▸ Given records
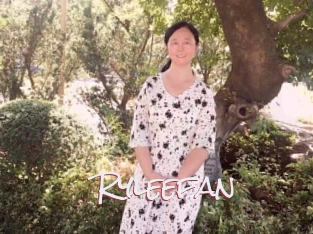Ryleefan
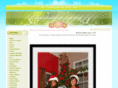 ginalove.com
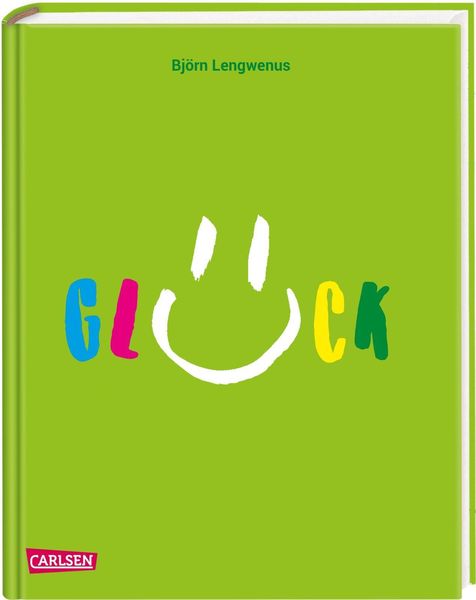 Glück
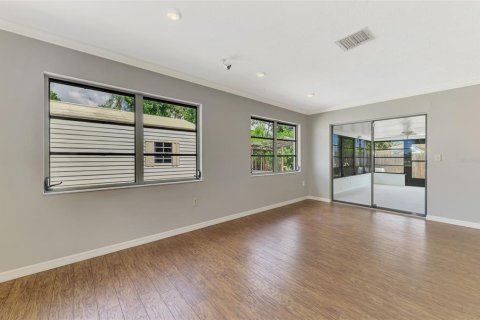 Villa ou maison à vendre à Venice, Floride: 2 chambres, 129.6 m2 № 1888492 - photo 16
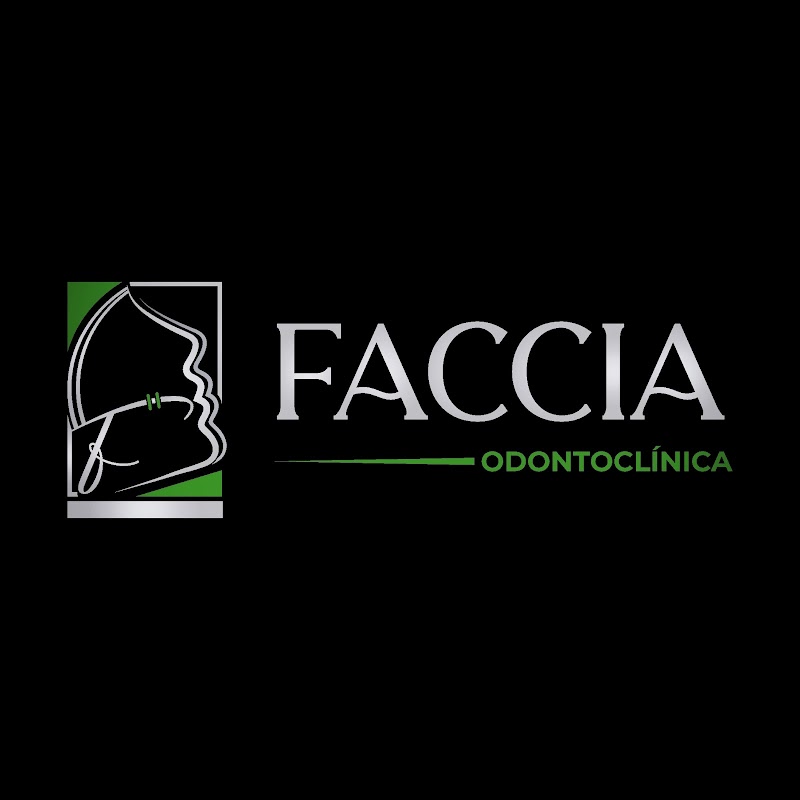 Faccia Odontoclínica - foto 4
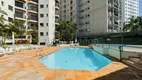 Foto 41 de Apartamento com 3 Quartos à venda, 105m² em Alto da Lapa, São Paulo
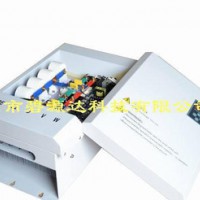 18佛山造粒機(jī)電磁加熱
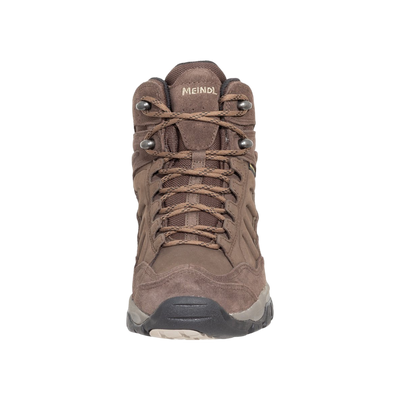 Meindl Nebraska Mid GTX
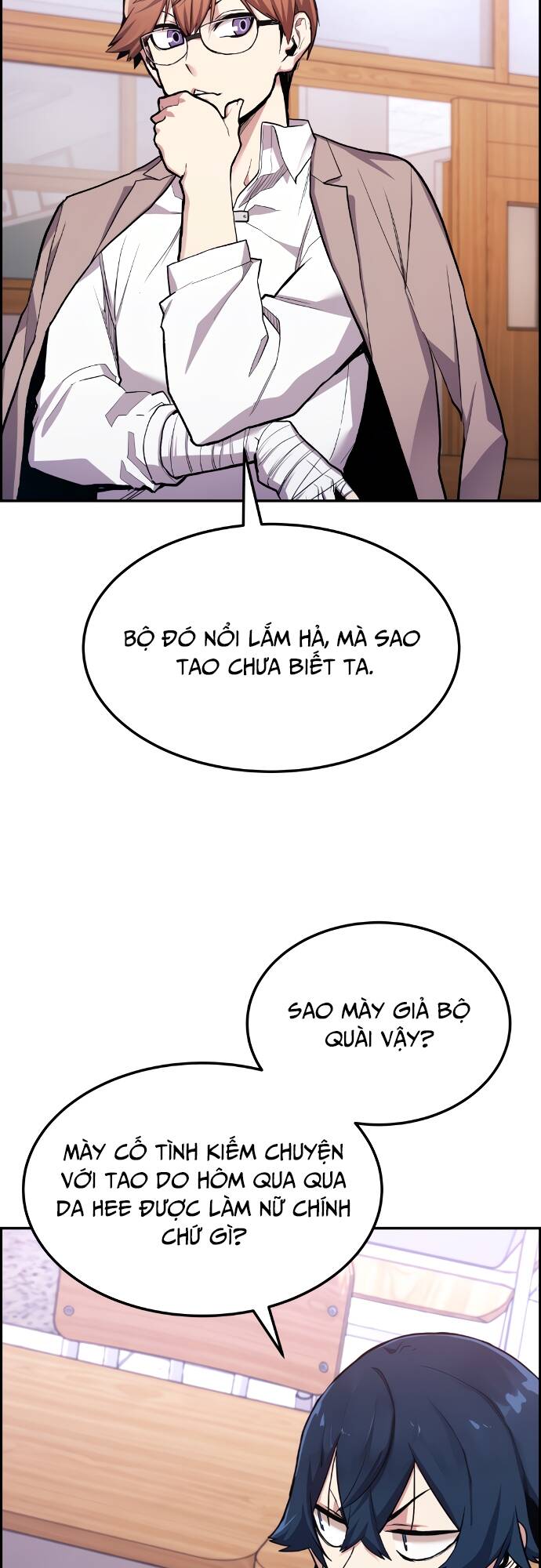 Nhân Vật Webtoon Na Kang Lim Chapter 1 - Trang 2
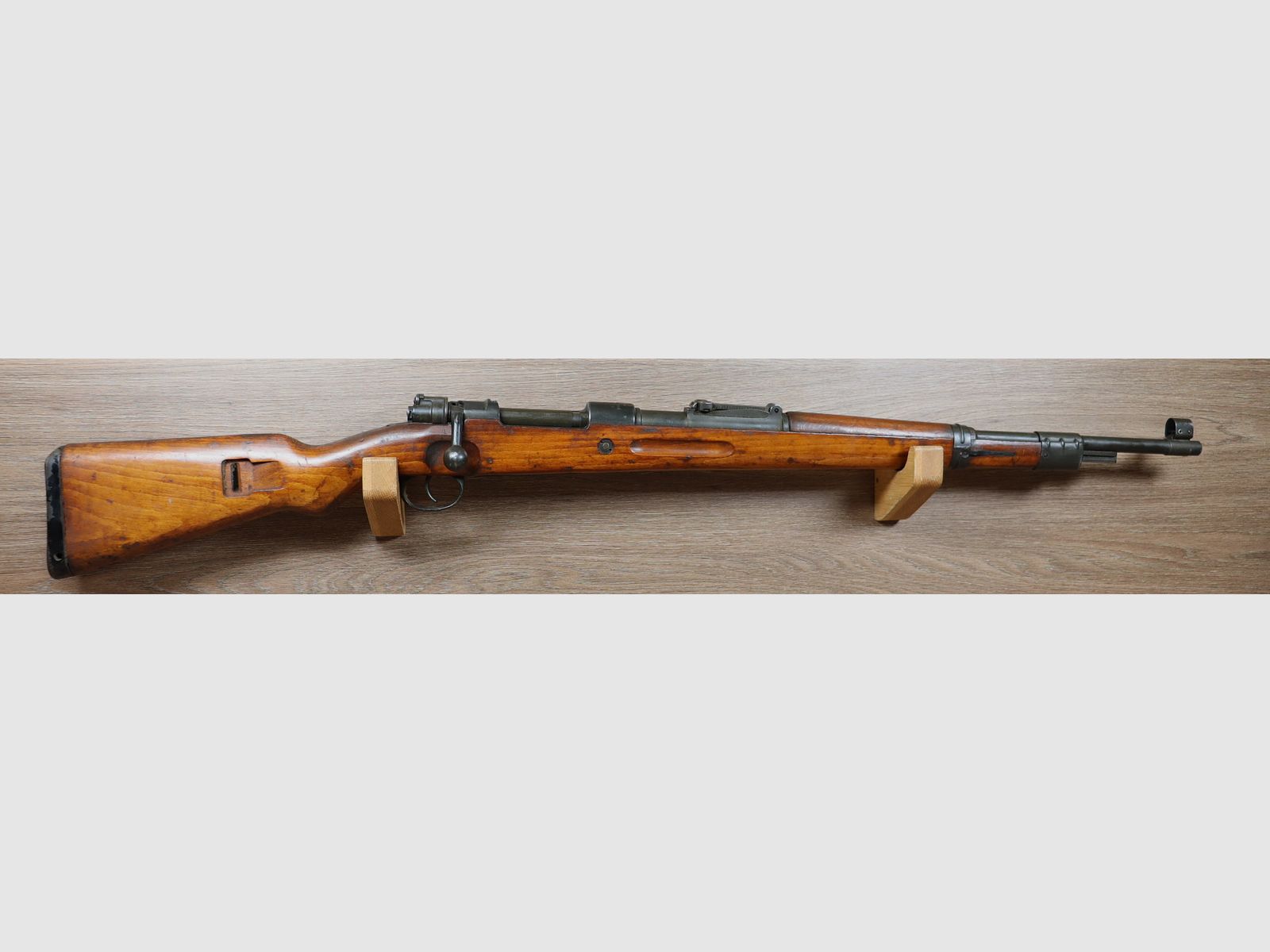 VZ24, Bild 1 von 2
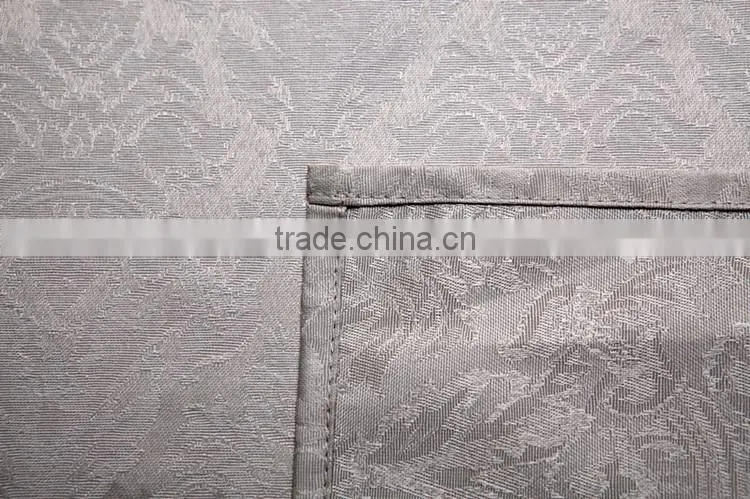restaurant table cloth, linen table cloth , fabric painting designs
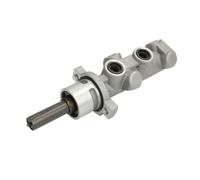 Maître-cylindre de frein LPR 6014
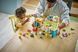 LEGO Конструктор LEGO DUPLO Town Сучасний родинний будинок із фігурками 7 - магазин Coolbaba Toys
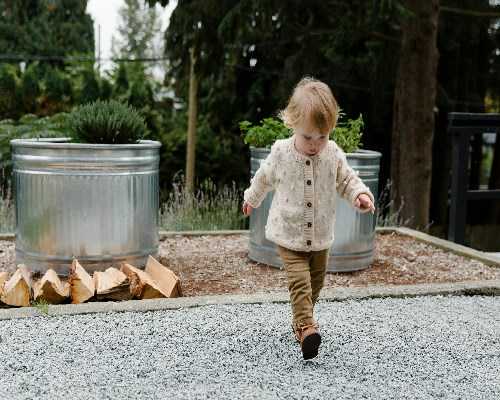 深圳试管供卵医院,深圳三甲公立医院做三代试管婴儿单周期多少钱？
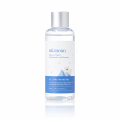 Mixsoon Glacier Water Hyaluronic Acid Serum100 opj.png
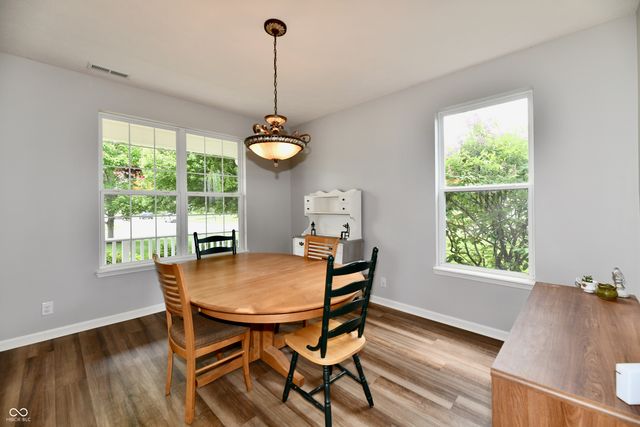 13472 Lorenzo Boulevard, Carmel, IN 46074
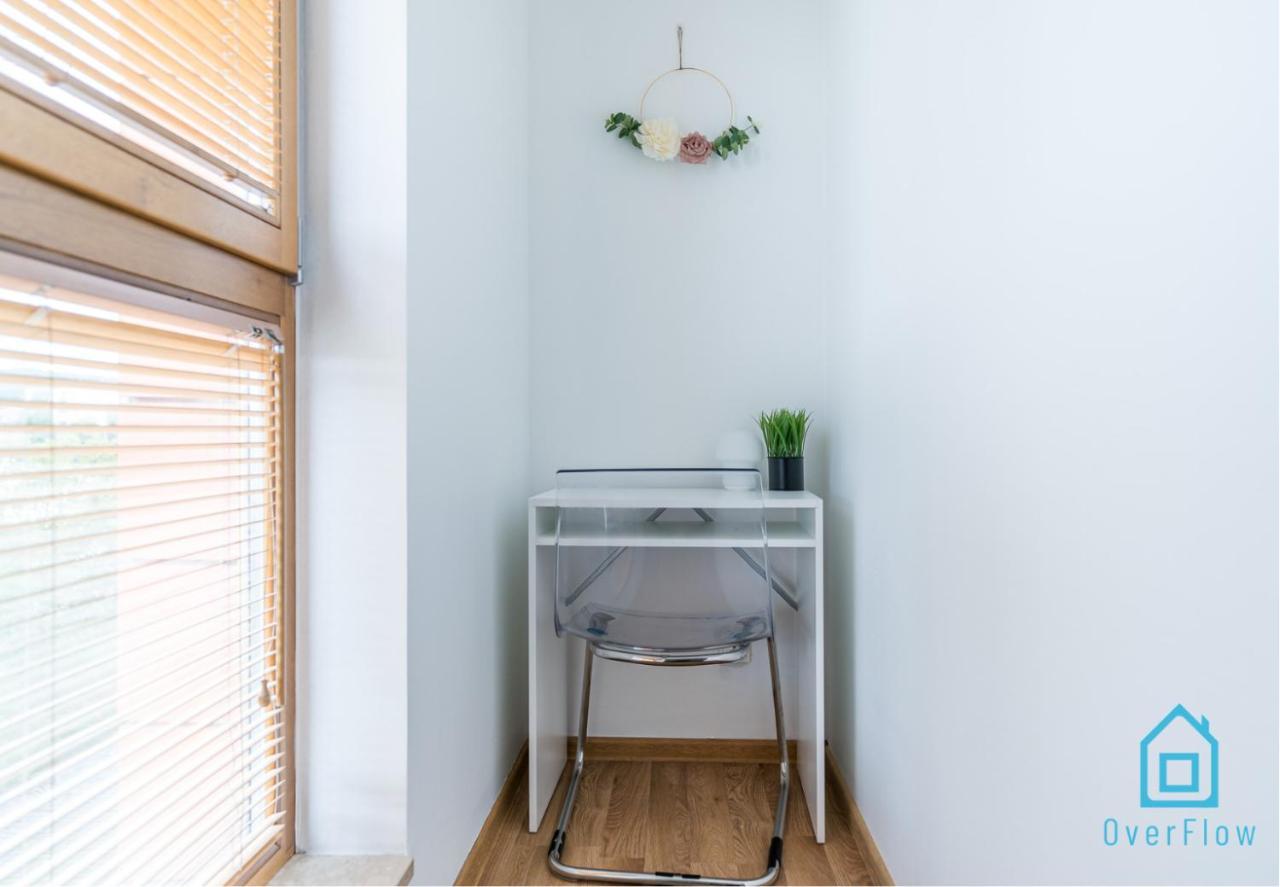 Apartament Stara Torunska P2 Gdańsk Zewnętrze zdjęcie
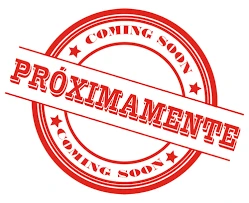 Proyecto 7
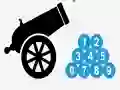 لعبة Sudoku Siege على الانترنت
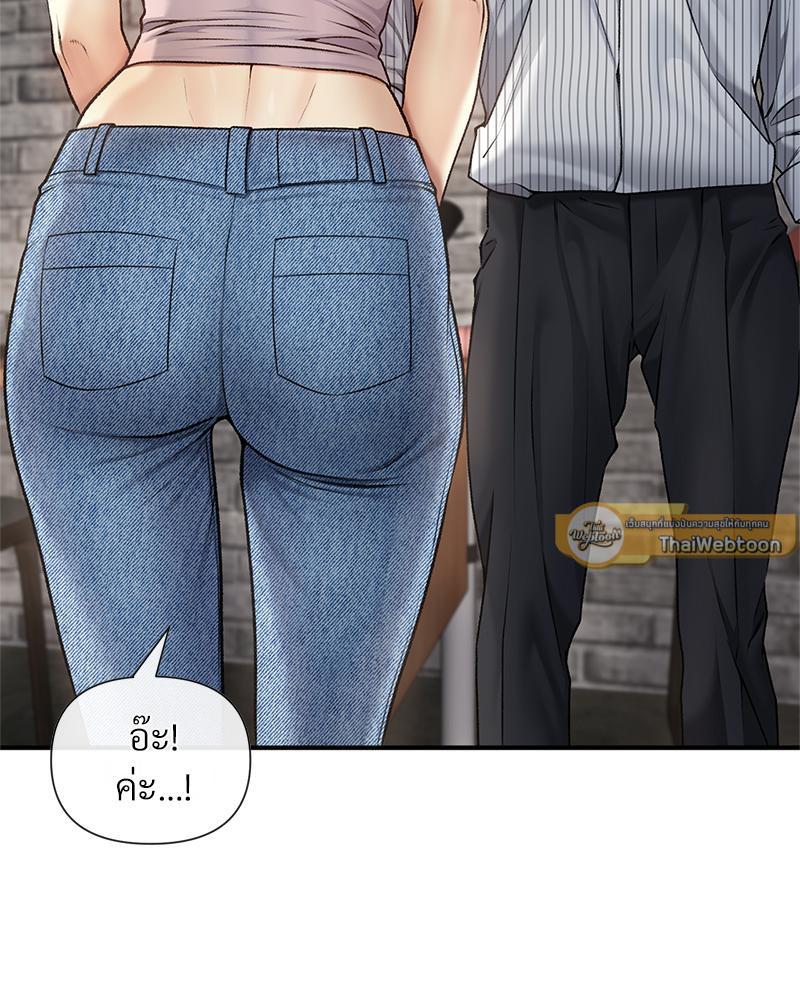 Doujin-Lc- อ่าน โดจิน มังฮวา เกาหลี ญี่ปุ่น จีน แปลไทย Delirious Diary ตอนที่ 1 2 3 4 5 6 7 8 9 10 11 12 13 14 ฟรี ไม่มีโฆษณา อ่าน โดจิน Manhwa เกาหลี ญี่ปุ่น จีน เรามีครบ คัดมาให้เน้นๆ โดจิน 18+ รับประกันความฟินโดย  Doujin Lc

▸ Task requirements
Since the pictures are not wanted, give the material again exactly without them.

▸ Task result
Ryleefan
 ginalove.com
 Glück
 Villa ou maison à vendre à Venice, Floride: 2 chambres, 129.6 m2 № 1888492 - photo 16
 Faccia Odontoclínica - foto 4
 Foto 41 de Apartamento com 3 Quartos à venda, 105m² em Alto da Lapa, São Paulo
 18佛山造粒機(jī)電磁加熱
 Meindl Nebraska Mid GTX
 Nhân Vật Webtoon Na Kang Lim Chapter 1 - Trang 2
 VZ24, Bild 1 von 2
restaurant table cloth, linen table cloth , fabric painting designs
 Maître-cylindre de frein LPR 6014
 LEGO Конструктор LEGO DUPLO Town Сучасний родинний будинок із фігурками 7 - магазин Coolbaba Toys
 深圳试管供卵医院,深圳三甲公立医院做三代试管婴儿单周期多少钱？
 Mixsoon Glacier Water Hyaluronic Acid Serum100 opj.png
 13472 Lorenzo Boulevard, Carmel, IN 46074
 Apartament Stara Torunska P2 Gdańsk Zewnętrze zdjęcie
 Proyecto 7
 لعبة Sudoku Siege على الانترنت
 Doujin-Lc- อ่าน โดจิน มังฮวา เกาหลี ญี่ปุ่น จีน แปลไทย Delirious Diary ตอนที่ 1 2 3 4 5 6 7 8 9 10 11 12 13 14 ฟรี ไม่มีโฆษณา อ่าน โดจิน Manhwa เกาหลี ญี่ปุ่น จีน เรามีครบ คัดมาให้เน้นๆ โดจิน 18+ รับประกันความฟินโดย  Doujin Lc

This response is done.